主人公は、理不尽な噂と報道によって、イメージを植え付けられる。報道のカメラが写すものもまた、人物の一面でしかない。主人公に憧れを抱く女性もまら、彼女の一面しか見ていない、だから別の側面を見てしまって絶望する。この映画を観終えた後、自分自身の多面的な側面を自分でどれだけ知っているだろうかと自問してしまう。自分は自分自身の「よこがお」すら知らないかもしれない。そんな気分にさせられる作品だ。深田晃司監督は素晴らしい、これからもますます活躍してほしい。
2019年7月30日
PCから投稿
鑑賞方法:試写会
自意識と外部との関係を考えるとき、建て前と本音とか、外面と内面とか、心と身体を「多層」でとらえる表現が多いのはおそらく、自我を(外から見る客観ではなく)中心から認識する主観で把握しやすいからではないか。
しかし映像では、人物を多層的にとらえることは困難だ。そこで深田晃司監督は、筒井真理子が演じる市子の自我のゆらぎを、過去と現在という2つの時間軸と、それぞれに対応する髪の形と色によって、「多面」で描こうと企てた。思えば現代はコミュニケーションの技術が発達し、情報を大量消費するようになったことで、かえって他者を短絡的に一面でとらえて評価したり非難したり傾向が強まっているのではないか(マスコミと世間の市子への攻撃は典型的)。

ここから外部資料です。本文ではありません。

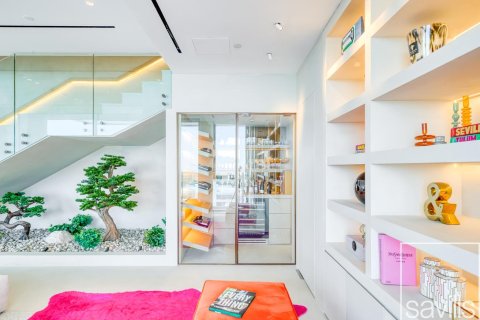 Dzīvoklis Al Barari, Dubaijā, AAE 3 istabas, 521.56 m2 Nr. 761177 - attēls 4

市川実日子が演じた基子の内面の動きも、物語を進める補助エンジンとして有効に機能していた。市子と基子、2人の女のミステリアスな心の揺らぎに幻惑され、魅了された。
2019年7月26日
PCから投稿
鑑賞方法:映画館
この映画をどう形容していいものか、久々に言葉を失った。まずもって巧みに時制が行き来する構成ゆえ、「あらすじ」さえも時間軸通りに語ればいいとは言いがたい。主人公のエピソードが二つあり、交互に語られていく感じだ。一つは現在の話、そしてもう一つは何年か前の話。もちろん、両者は切っても切れない関係性でつながっている。
時折、瞬時に頭の中を切り替えられない自分は「あれ?今どっちの話だっけ?」と戸惑うこともあった。が、この戸惑いは初めから周到に意図されたものだったのかも。なぜなら、主人公は過去でも現在でも、終始心ここに在らずの状態で足元を浮遊させているからだ。
普通ならこの戸惑いは分かりにくさへと転じていくものだが、深田監督の演出は観客を心地よくミステリアスな森の中で彷徨わせる。そしてここから離れがたい気持ちにさせる。この、研ぎ澄まされた采配に何度も何度も息を呑んだ。観ておいて損はない秀作である。
2021年9月10日
Androidアプリから投稿
鑑賞方法:VOD
幾重にも解釈できるけど、あんまりハマらず。人間の気持ち悪い成り行きの感情を濃縮還元したような映画。モヤッとするしドロっと痰を吐き捨てるほどの無情さが在った。
あらすじをちゃんと読んでなかったというのもあるが、そもそも前提として、2本の軸で描かれていたのね。過去と現在、浮かび上がる2つの顔。魔性ぶりと堅実ぶりが同居する。遠い放物線が次第に重なり合うとき、ようやく合点がいった。ささやかな復讐をコピーで見ただけにどうなるのかと思ったけど、重く鈍い感情が居座る程度。序盤に引き込まれないとちょっとその違和感や恐怖が匂って来ないように思える。
キャストに関しては何処も豪華でびっくりなのだが、誘拐される子は小川未祐だったのね。すっかり顔の印象が違くて気づかなかった。また、主演の筒井真理子が怖いこと。何を考えているのかもわからず、何を腹の中で考えているかすら見えない。市川実日子との関係性も利用と提供の関係にしか見えなかったから、あの台詞が表立つのも一定の理解を示してしまう。また、掌を返して情報に熱を持って追い続けるメディアの気持ち悪さも上辺だけでアンドロイドのよう。実際あんなもんなのだろうか…。
凄く丁寧かつ多角的に"腐敗"を映し出していたが、ヨーロッパでウケるのも納得である。音楽の使い方も少々わざとらしくて気になったし、まだ映画で完結しきれていない部分があると思った。